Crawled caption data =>
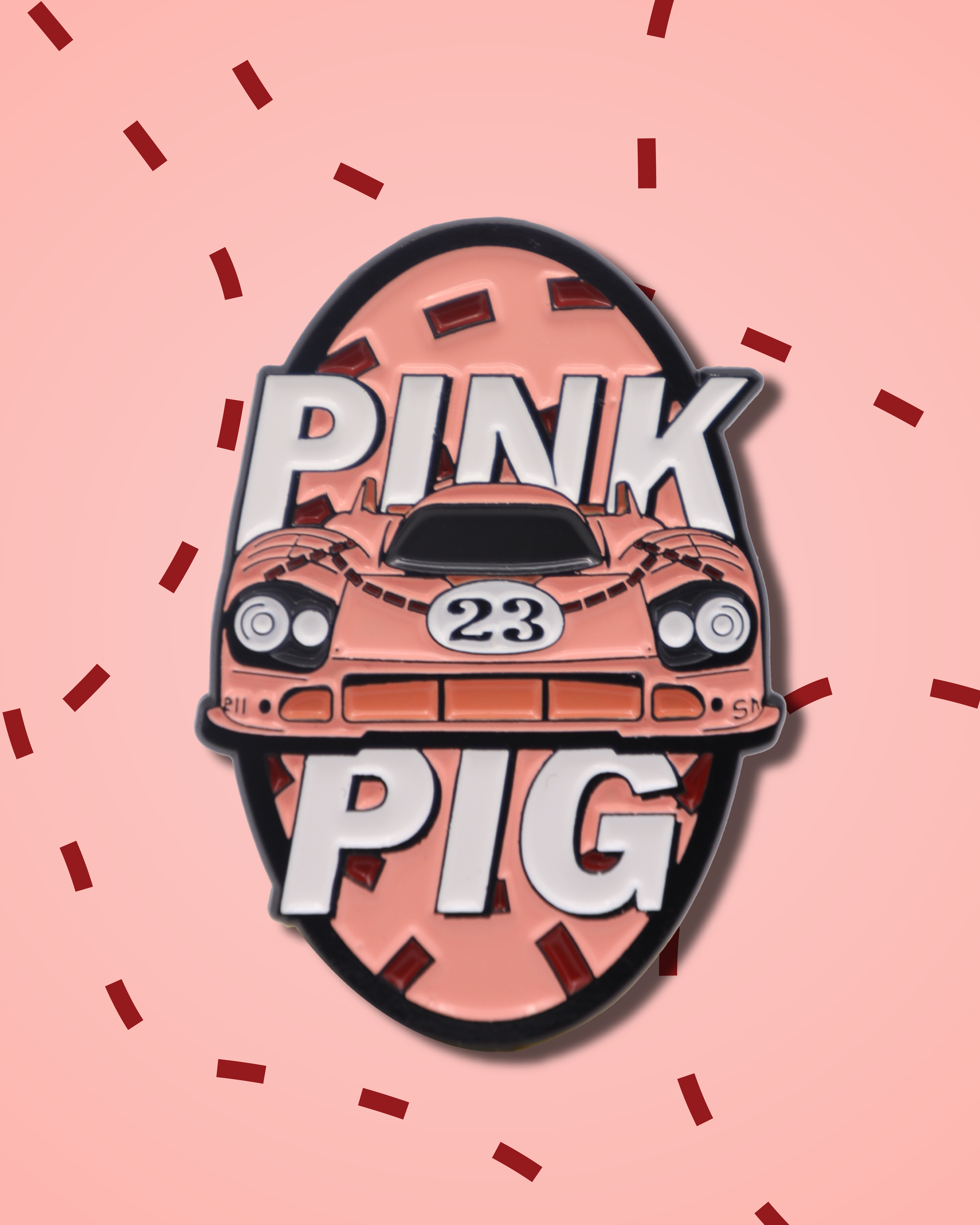 917/20 "Pink Pig" - Enamel Pin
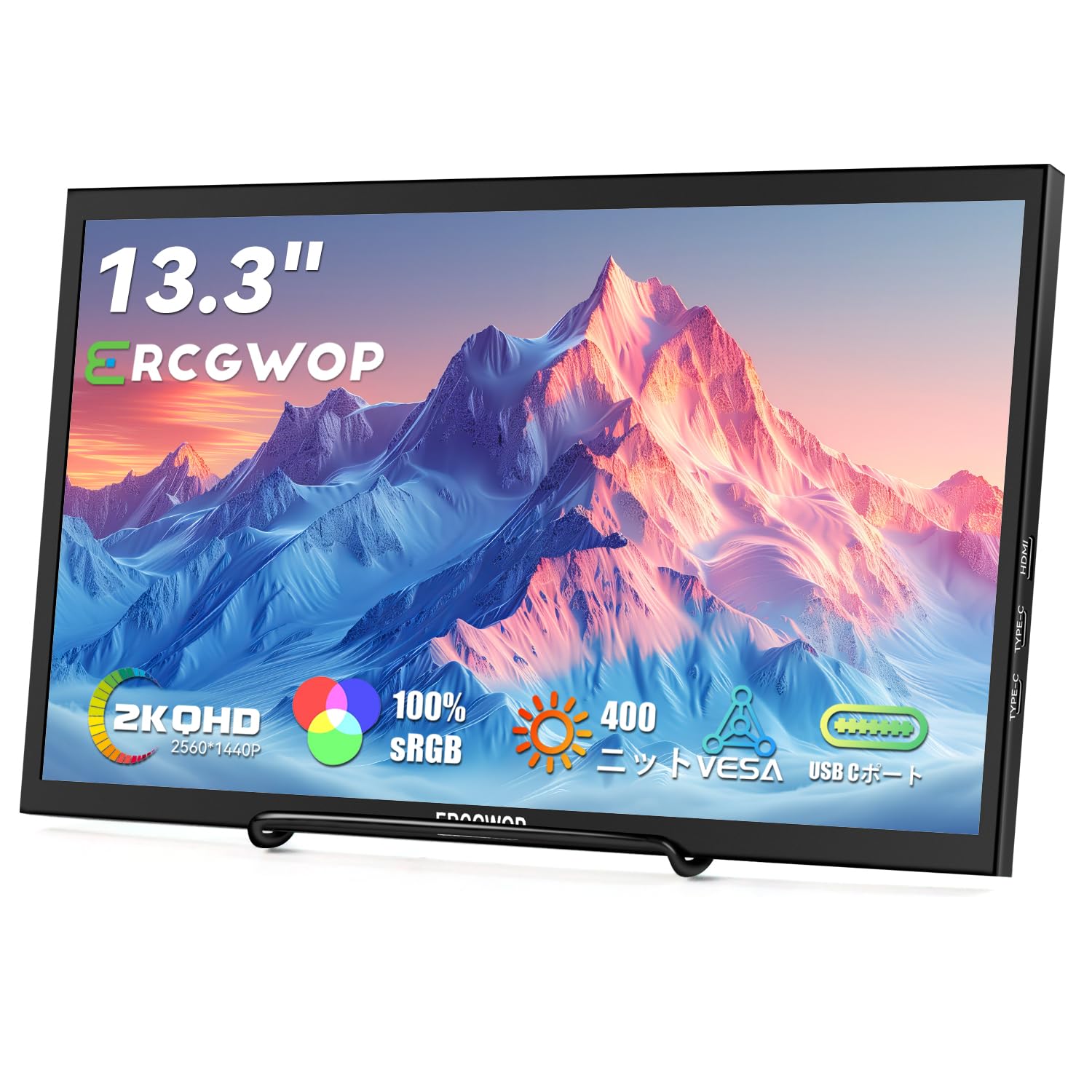 Mobile Monitor Inch 2K Mobile Display QHD Portable Display IPS LCD Panel Thin Lightweight Monitor USB HDMI Compatible with 13.3 25601440P Type-C чорний 
Mobile Monitor Inch 2K Mobile Display QHD Portable Display IPS LCD Panel Thin Lightweight Monitor USB HDMI Compatible with 13.3 25601440P Type-C чорний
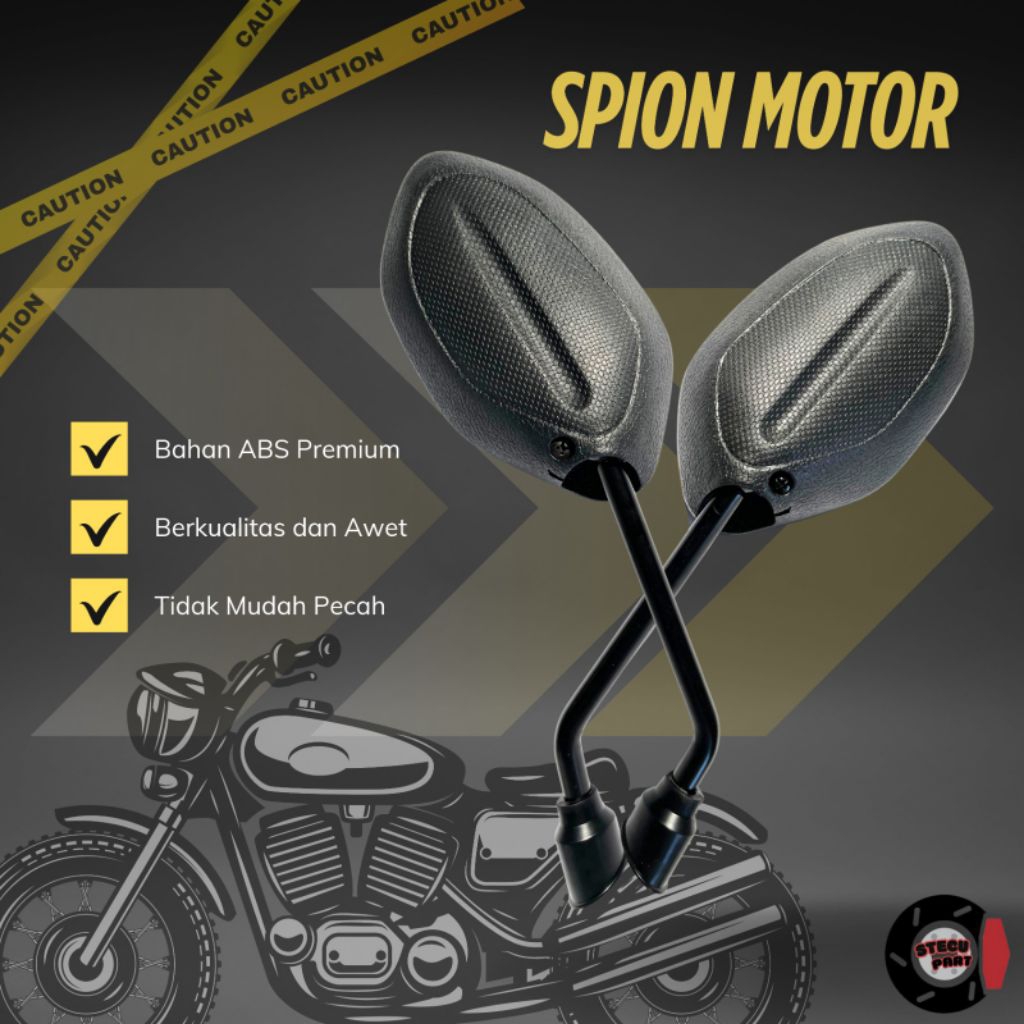 Spion Honda Beat 1 Set Sepasang Kanan Dan Kiri + Baut Mur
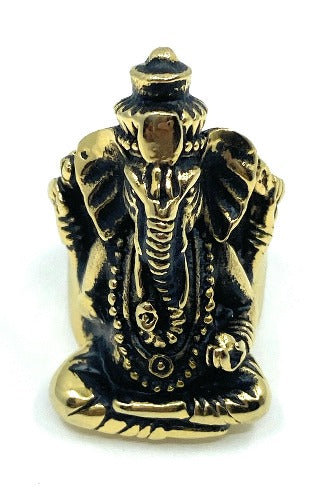 Ganesh Stainless Steel High Quality Ring Size 7 - Wynwood Shop
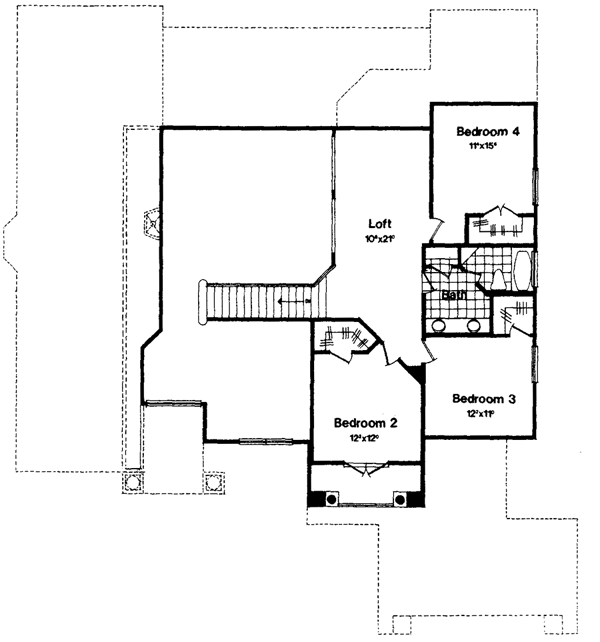 Upper/Second Floor Plan: 28-106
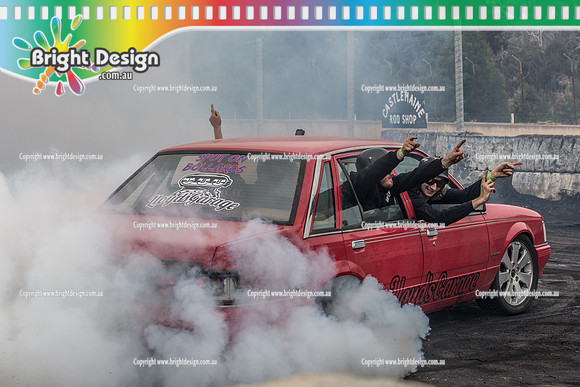 Street Machine Supernats 24 @ Stawell Motor Sports Club 8 Dec 2018  (2492)  NOBAIL BURNOUT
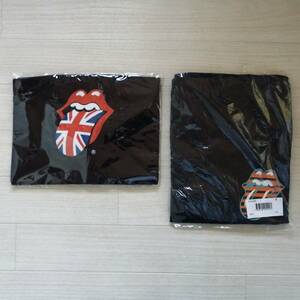 未開封 Rolling Stones ロックバンド B⑤ ベロ柄 Tシャツ 黒・エコバッグ 黒セット 新品 グッズ ローリングストーンズ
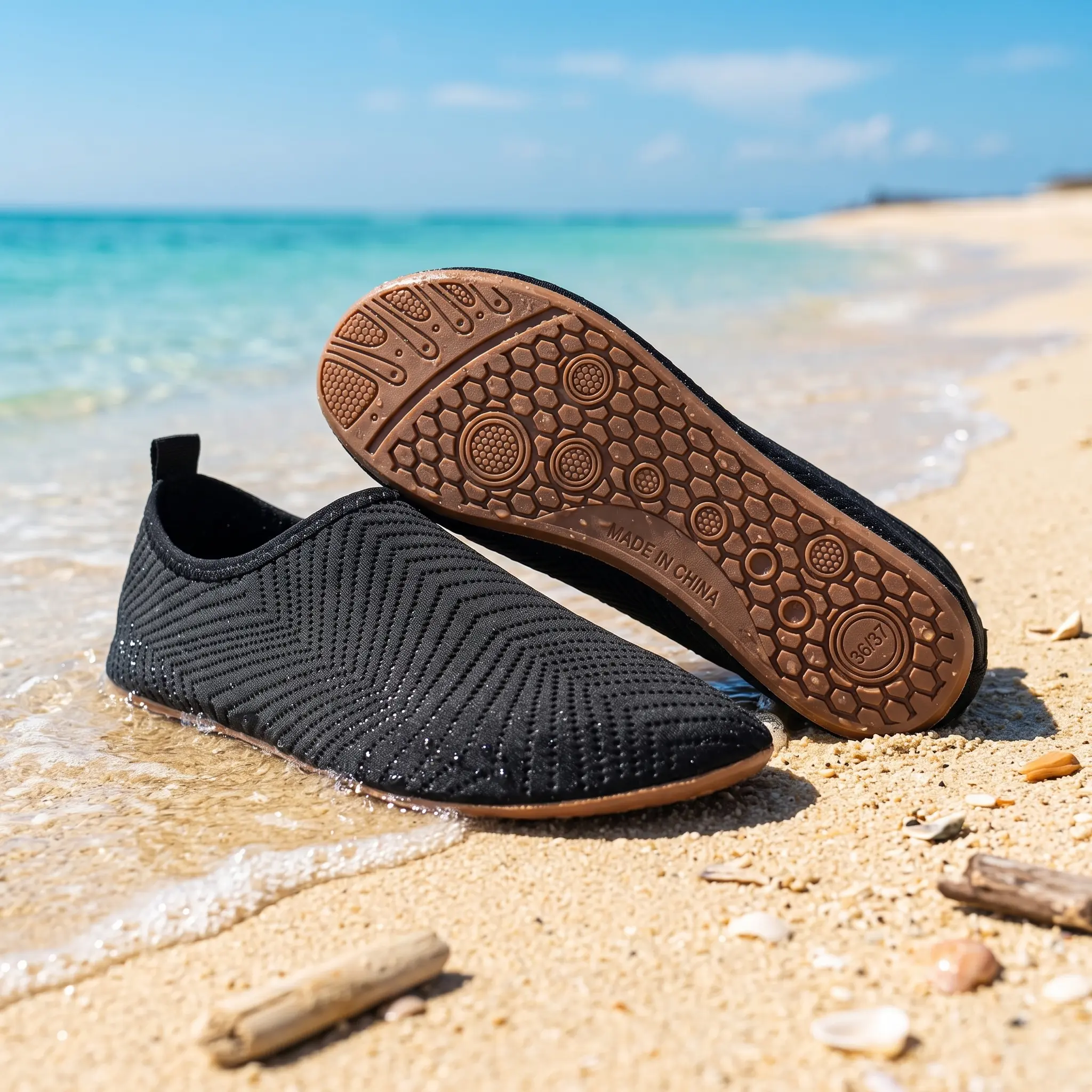 Water shoes/aqua socks for men and women—quick-drying, non-slip barefoot footwear for the beach, swimming, pools, kayaking, outdoor activities, rivers, and summer.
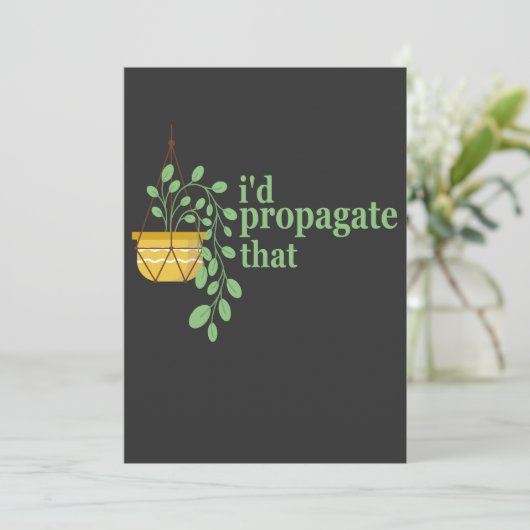 そのユーモアあふれるガーデニング植物愛好家の主張を広めたい、 招待状 (スタンド正面)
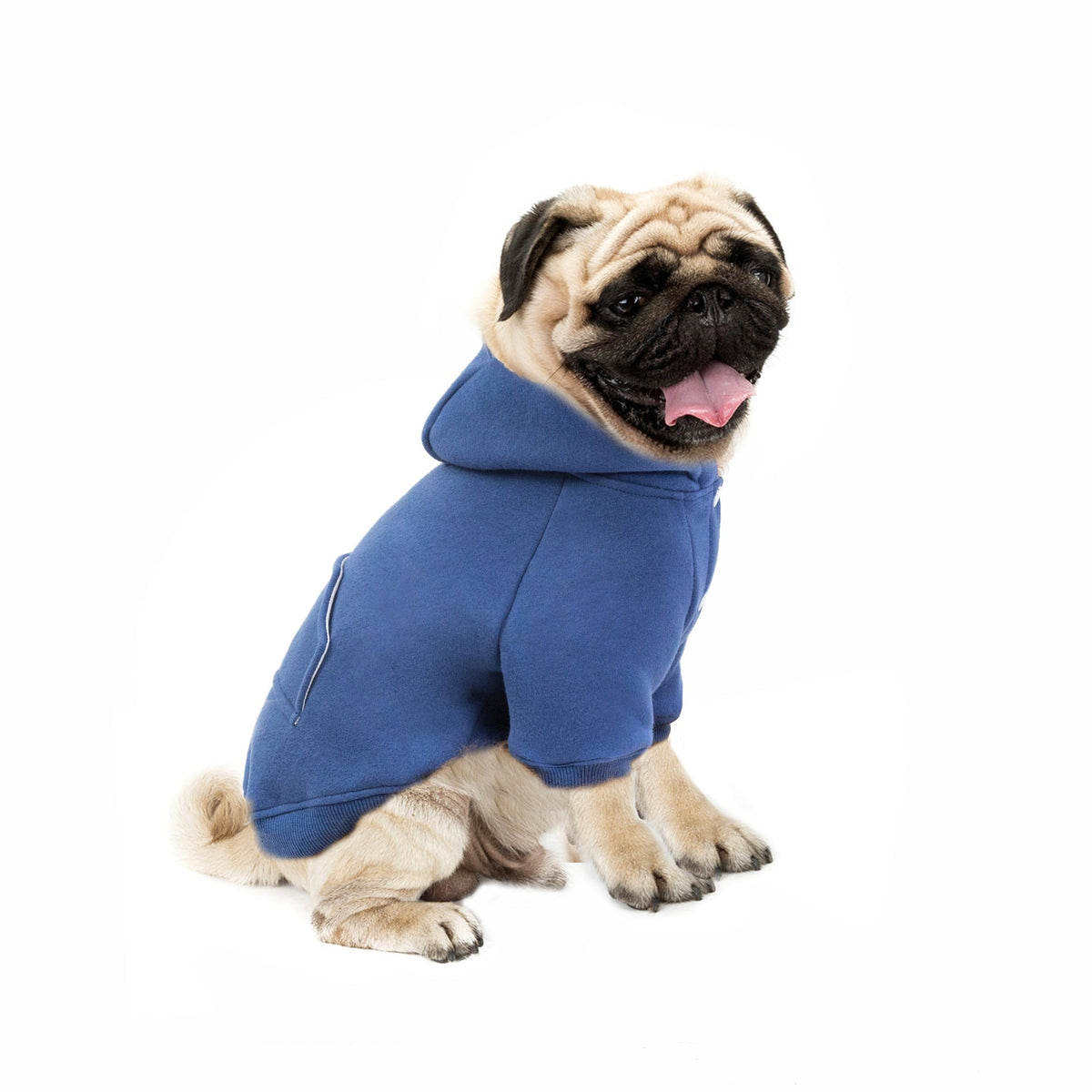 Hooded Fleece Dog Sweater for Cozy Winter Walks & Errands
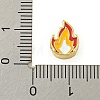 Rack Plating Brass Enamel Beads KK-U029-22G-07-3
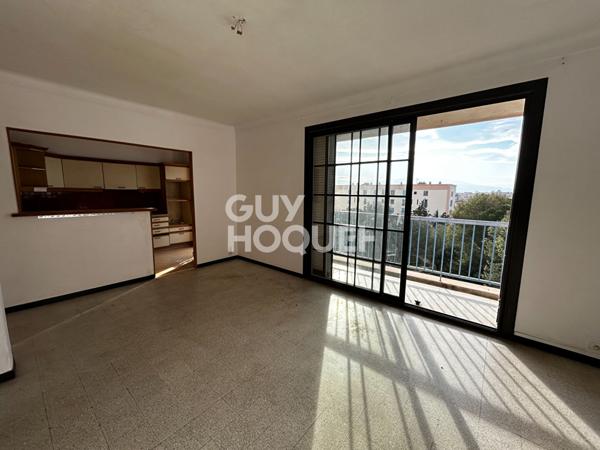 EXCLUSIVITE - À vendre à Perpignan (66000) Appartement 3 pièces, 2 balcons, cave, quartier Las Cobas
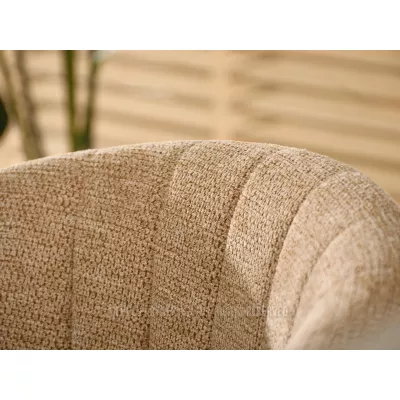 Drehbarer Barhocker MANUELA - beige / eiche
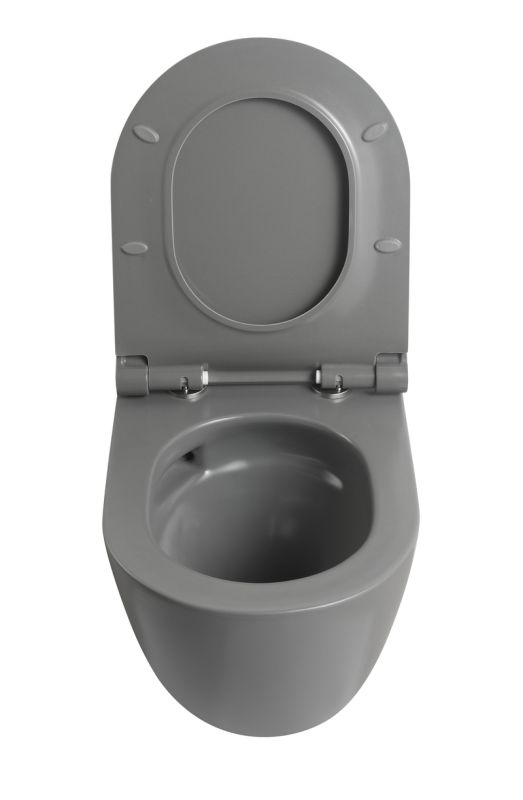 Унітаз підвісний Mixxus Premium ELLIPSE-0308-T3 GRAY 490x360x360mm система змиву TORNADO 3.0 (MP6654)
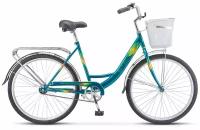 Велосипед STELS NAVIGATOR-245 C, колесо 26'', рост 19'', сезон 2023-2024, морская волна, корз. метал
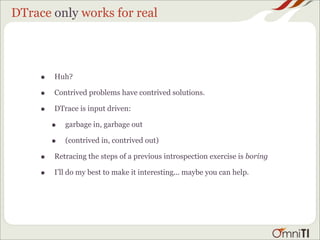 OSCON2008 Full-stack Introspection Crash Course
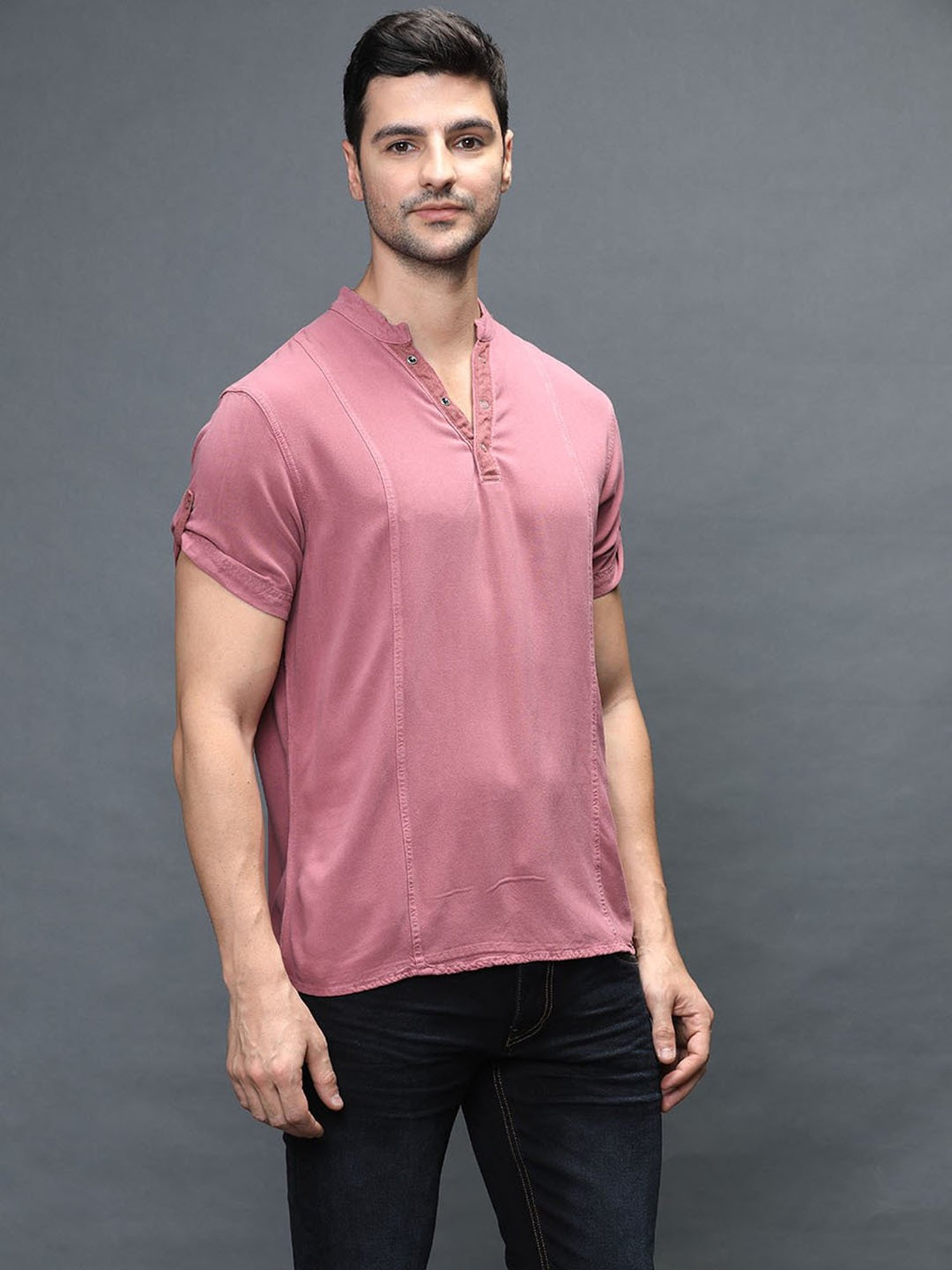 Identiti Peach Slim fit Shirts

Instructions to follow => Find the line with "Rack Plating Brass" in the data above, and from there retype each line exactly through the line with "Drehbarer Barhocker MANUELA - beige / eiche", skipping the pictures along the way.

Answer for the task =>
 Rack Plating Brass Enamel Beads KK-U029-22G-07-3
 EXCLUSIVITE - À vendre à Perpignan (66000) Appartement 3 pièces, 2 balcons, cave, quartier Las Cobas
 Drehbarer Barhocker MANUELA - beige / eiche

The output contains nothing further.